Les compagnies chinoises disposent ainsi des ressources nécessaires pour s’étendre. Même sans clientèle. «Les compagnies aériennes chinoises multiplient leurs vols selon le principe « construisez le réseau et les passagers viendront », note OAG. Elles étendent rapidement leurs réseaux long-courriers là où c’est possible, sans tenir compte de la demande actuelle».

Résultat: les compagnies européennes font face à une marée chinoise face à laquelle il est difficile de résister. Le patron de Lufthansa, Carsten Spohr, a ainsi expliqué les difficultés du groupe allemand par la «surcapacité offerte par les transporteurs chinois».
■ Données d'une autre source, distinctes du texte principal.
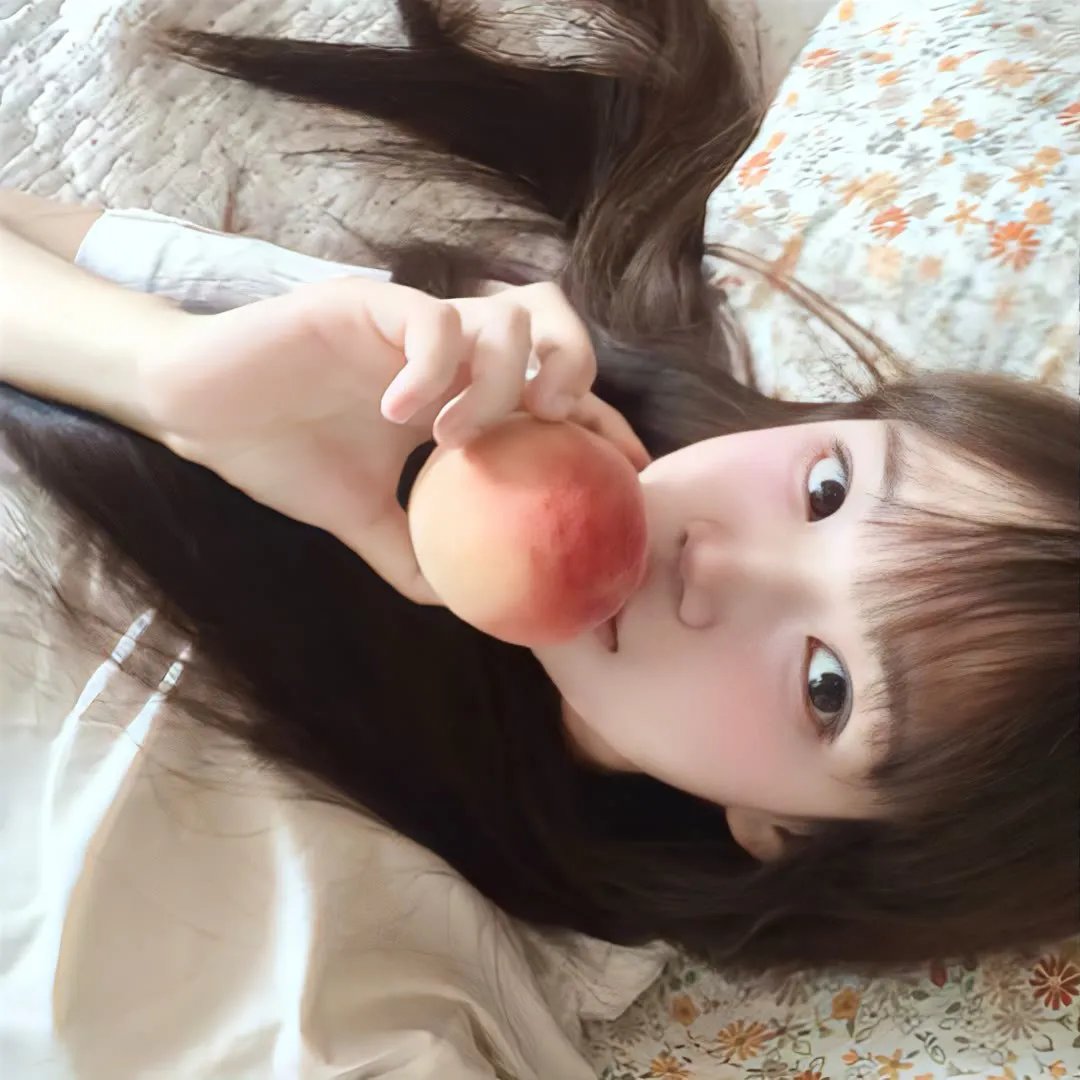 街舞营业中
Benjamin Smith, directeur général d’Air France-KLM, a de son côté plusieurs fois insisté sur l’importance d’une concurrence équitable. Son entreprise confirme: «Il est important pour nous que les opérateurs européens aient les mêmes conditions que ceux chinois. Sinon, le risque est que les acteurs européens ne soient plus en mesure d’assurer ces liaisons vers la Chine de façon rentable et qu’à terme, elles soient contraintes de se retirer de ces routes, de façon définitive

La difficulté de trouver une solution

Comment remédier à cette situation, d’autant que la guerre en Ukraine ne devrait pas cesser prochainement? Wouter Dewulf ne croit pas en un accord international, ni en une limitation par l’Europe du nombre de vols autorisés aux compagnies chinoises. Selon lui, les compagnies européennes devront probablement réduire leurs coûts pour faire face à la concurrence chinoise. Une démarche qui pourrait passer par un regroupement des compagnies européennes au sein d’une poignée de grands groupes.